With Roald Dahl, I never grew bored. I tore through Charlie and the Chocolate Factory and James and the Giant Peach and Fantastic Mr. Fox before moving on to more obscure fare like The BFG and The Witches and The Twits. When I discovered that the adult section of the library also had a whole shelf of Roald Dahl short story collections, I checked these out too. Dahl published more than three dozen books during his lifetime, and although I failed to read them all, I made a champion effort. At the very least, I exhausted the ample offerings of the Menlo Park Public Library.

I was a lonely child — too smart-alecky and goody-two-shoes for my own good, the kind of socially inept kid that lurks around the edges of the playground wondering why no one invites them to play. I didn't watch TV. I volunteered at the local library, for fun. I wore my cousin's out-of-style hand-me-downs (I'm still traumatized by the memory of a pair of turquoise pleated polyester pants with a matching check button-down shirt, worn about the same time that my peers discovered acid washed jeans and off-the-shoulder T-shirts). I let my mom cut my hair in a bad approximation of the Dorothy Hamill hairdo. I was not a popular birthday party guest, to say the least. It was no wonder that I could identify with Roald Dahl's heroes and heroines.

In Dahl's books, children have no friends their own age; often, they have no one who loves them at all. In James and the Giant Peach, James is the battered slave of his loathsome aunts; in The BFG, Sophie lives in an orphanage; in Charlie and the Chocolate Factory, Charlie's only confidant is his penniless nonagenarian grandfather. Dahl captures the cruel isolation of adolescence and transforms this exile into victory. In his books, his heroes inevitably find the one person who understands them (a magic chocolatier; a talking grasshopper; a friendly giant). Sometimes, they even discover they have superpowers. Always, they wreak their revenge upon their tormentors.

In other words: Dahl tapped into my own secret desires, even if I couldn't express them myself.

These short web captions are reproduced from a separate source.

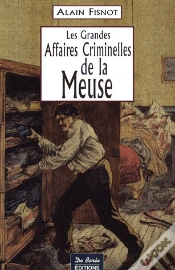 Capa do artigo Les Grandes Affaires Criminelles De La Meuse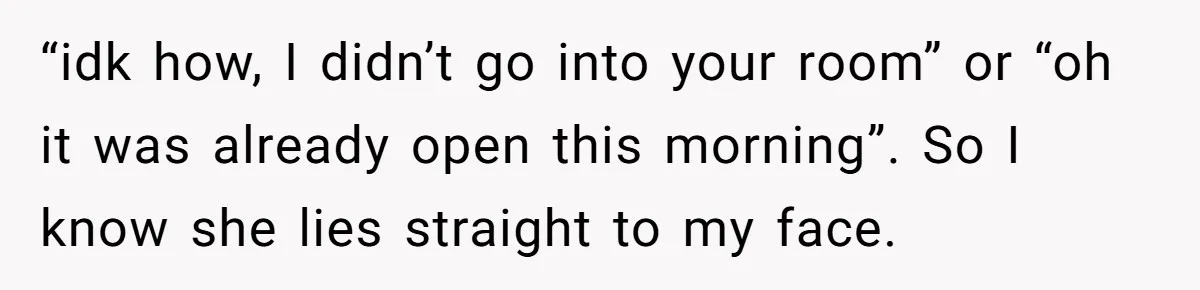 Roommate Sneaks Into Couple’s Bedroom And Uses Her Vibrator, Now They Feel Completely Violated “idk how, I didn’t go into your room” or “oh it was already open this morning”. So I know she lies straight to my face.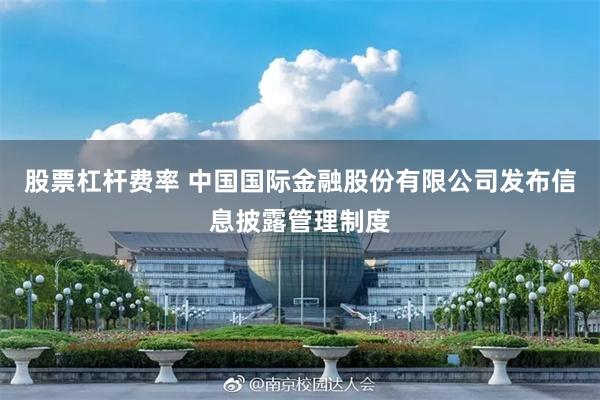 股票杠杆费率 中国国际金融股份有限公司发布信息披露管理制度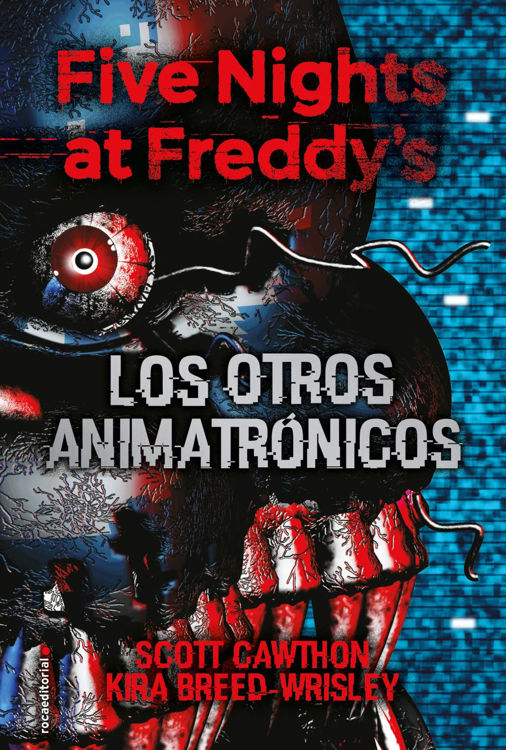 Imagen de FIVE NIGHTS AT FREDDY'S 2 - LOS OTROS ANIMATRÓNICOS / SCOTT CAWTHON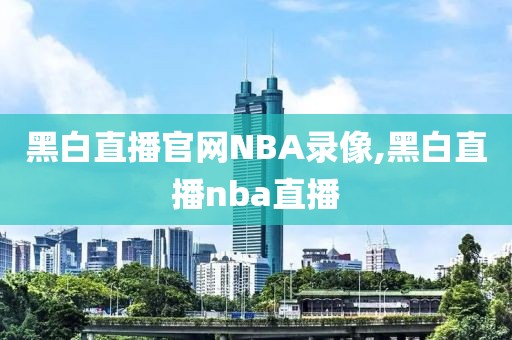 黑白直播官网NBA录像,黑白直播nba直播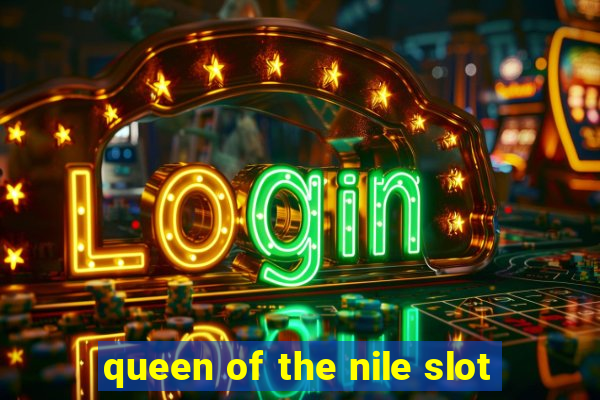 queen of the nile slot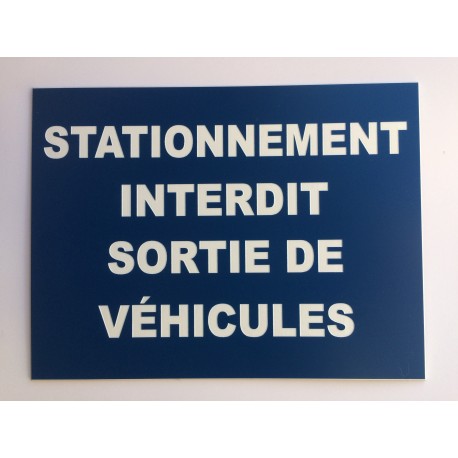 Plaque "STATIONNEMENT INTERDIT SORTIE DE VÉHICULES" bleu marine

Dahl's been dead now for twenty-two years; James and the Giant Peach, the first children's book he ever wrote, recently had its 50th anniversary. Compared to the gothic and cynical supernatural fare currently imbibed by modern tweens, Dahl's oeuvre is cartoonish — full of shoe-loving centipedes, Oompa-Loompas, and monkeys called Muggle-Wumps — as well as anachronistic, with its whiff of English boarding schools and post-war Wasp life. And yet his books remain delightfully fresh and refreshingly naïve, frequently devolving into blithe silliness. It's no wonder that Gen Xers are nostalgic for his stories, two of which have been made into movies in the last few years (Tim Burton's Charlie and the Chocolate Factory and Wes Anderson's Fantastic Mr. Fox.)...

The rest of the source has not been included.